Baca berita dengan sedikit iklan, klik di sini

Seni

Lingkaran-lingkaran yang <font color=#FF0000>Rapi dan Pasti</font>

Sejumlah karya grafis mengambil bentuk ilmu ukur, disajikan dengan teknik arsir, rapi, dan pasti. Sebuah imaji alam raya, garis-garis peredaran planet, misalnya, yang memukau.

19 April 2010 | 00.00 WIB

Image of Tempo
Perbesar

Baca berita dengan sedikit iklan, klik di sini

Gambarlah lingkaran. Mungkin itu menyimbolkan dunia, planet, atau sekadar sebuah topi bundar atau bentuk sebuah gong. Lantas coba tarik lingkaran-lingkaran di dalam dan di luar lingkaran itu, dengan jarak sama, sampai memenuhi bidang gambar. Yang kita lihat tak lagi sederhana. Tambahkan kemudian bentuk segitiga, bisa satu atau lebih. Terkesan kemudian seolah segitiga itu berpusar, dibawa oleh garis-garis lingkaran. Ya, garis-garis itu memberikan imaji gerak berpusar—dan pameran ini bertajuk Alun dan Pusaran.
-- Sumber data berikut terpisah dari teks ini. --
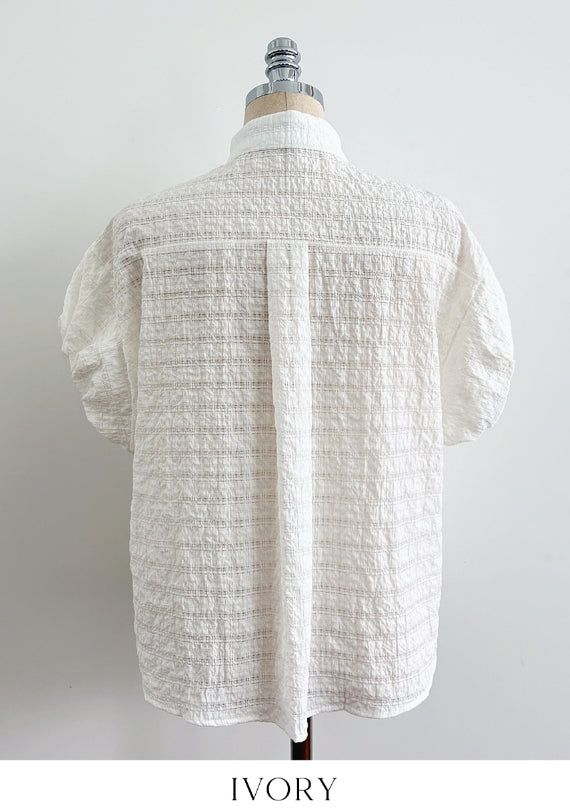 Kusha Collar Balloon Sleeves Seersucker Blouse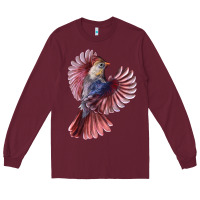 Flying Northern Cardinal Bird Long Sleeve Tee | Teevron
Itulah yang terkesan dari pameran karya seni grafis A.T. Sitompul di Bentara Budaya Jakarta pekan lalu, yang hampir semua karya adalah garis-garis lingkaran atau mengandung bentuk lingkaran yang disusun dengan meng­ulang-ulang garis melingkar (arsir me­lingkar). Terasa sangat beralasan Sitompul mengambil bentuk lingkaran: bentuk yang mudah memberikan imaji gerak berpusar dan kita tahu roda kendaraan bukanlah berbentuk kotak, melainkan lingkaran.

Dari karya-karya itu, terasa bahwa perupa satu ini mempercayai bentuk ilmu ukur, bentuk yang pasti: lingkaran, segitiga, persegi, dan anak turunnya. Saya kira ia tak ”mempercayai” keterampilan tangannya sendiri, karena itu ia memerlukan alat bantu. Atau, dari sisi lain, ia tak ingin emosi sesaatnya mempengaruhi garis-garisnya. Ia ingin menggambarkan suatu bentuk yang pasti, yang bisa dipertanggungjawabkan secara eksakta.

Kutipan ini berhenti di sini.